MOF-derived anion exchange induced 2D/2D CF@CoS2/Co3O4/CNFs for ultra-long stable asymmetric supercapacitors

Co3O4 has received considerable attention as a supercapacitor electrode material with high Faraday activity and high theoretical capacity, but the low electrical conductivity and short cycle life have hampered their development. Herein, we designed a strategy to construct Co3O4 crystals with multidimensional hierarchical structure by anion-exchange method based on metal-organic framework (MOF).

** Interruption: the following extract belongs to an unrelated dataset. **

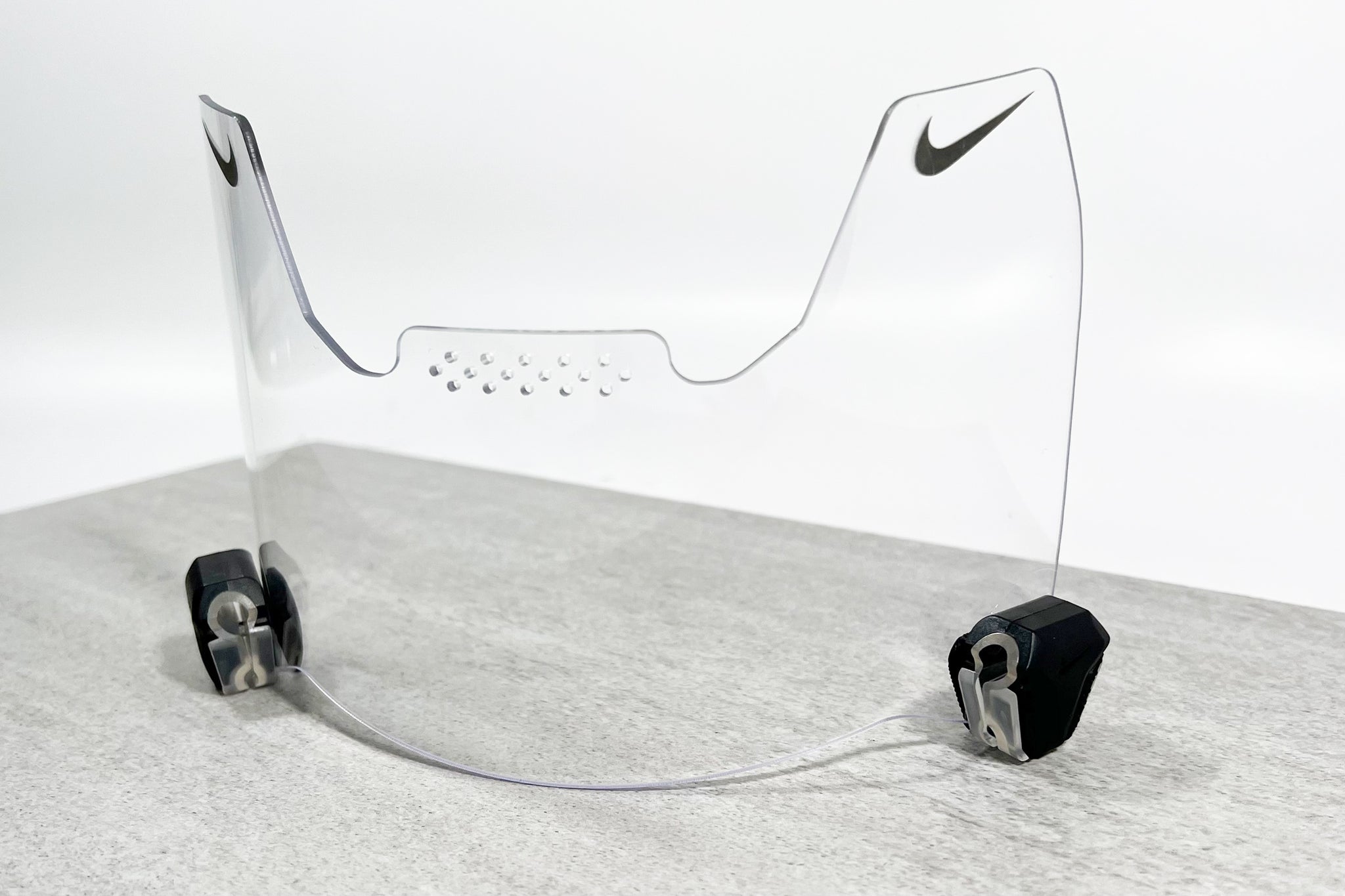clear visor football helmet Nike Vapor Visor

The MOF-derived carbon and nitrogen framework (CNF) can withstand the volume expansion during charging and discharging for its excellent structural stability. The introduction of sulfur ions modulates the electronic structure to achieve reversible Faraday reactions. The two-dimensional (2D) nanosheet arrays CF@CoS2/Co3O4/CNFs exhibit a significantly higher specific capacitance of 1380 F g(-1) at 1 A g(-1), which is more than a six-fold increase over pristine Co3O4 (215 F g(-1)). The capacity retention was 78.7% from 1 A g(-1) to 20 A g(-1), and the capacitive control contribution improves from 70% to 87% at 2 mV s(-1) to 20 mV s(-1). The asymmetric supercapacitor (ASC, CF@CoS2/Co3O4/CNFs//activated carbon (AC)) delivers an energy density of up to 38.4 Wh kg(-1) at 800 W kg(-1). ASC exhibits a capacity retention of 100.93% over 20,000 charge/discharge cycles.